Rodriguez’s death, meanwhile, has left her friends and supporters shellshocked. Rodriguez was thrust into the national spotlight after her daughter's death moved her to become an activist fighting to eradicate street gangs. She was even honored by President Trump at a State of the Nation address this year.
The President tweeted Friday night that his “thoughts and prayers are with Evelyn Rodriguez this evening, along with her family and friends. #RIPEvelyn.”
Rep.
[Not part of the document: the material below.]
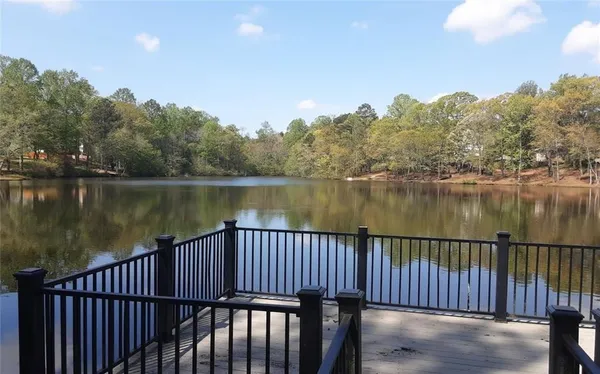 $2,750 | 132 Lakeshore Parkway, Newnan, GA 30263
Pete King called her death “almost too tragic to be real” in comments to News 12. “It's too much to believe that so much bad could happen to one good person,” he was quoted as saying.
Timothy Sini, the Suffolk County district attorney and a former police commissioner who investigated the killing of Rodriguez’s daughter and her friend, told The New York Times that he was “heartbroken” over the grieving-mother-turned-anti-gang-activist’s death.
“Evelyn was a true partner in our fight against MS-13,” he said. “As a parent, I cannot imagine how one is able to function after losing a child, particularly to murder. And she took that grief as a force to effect positive change. She accomplished a lot; she was a tireless advocate for her community,” he said.
Rodriguez’s death also sparked tributes from President Trump and New York Gov. Andrew Cuomo, who said in a statement late Friday that she’d shown “tremendous courage by dedicating herself to the disruption of gang violence throughout her community.”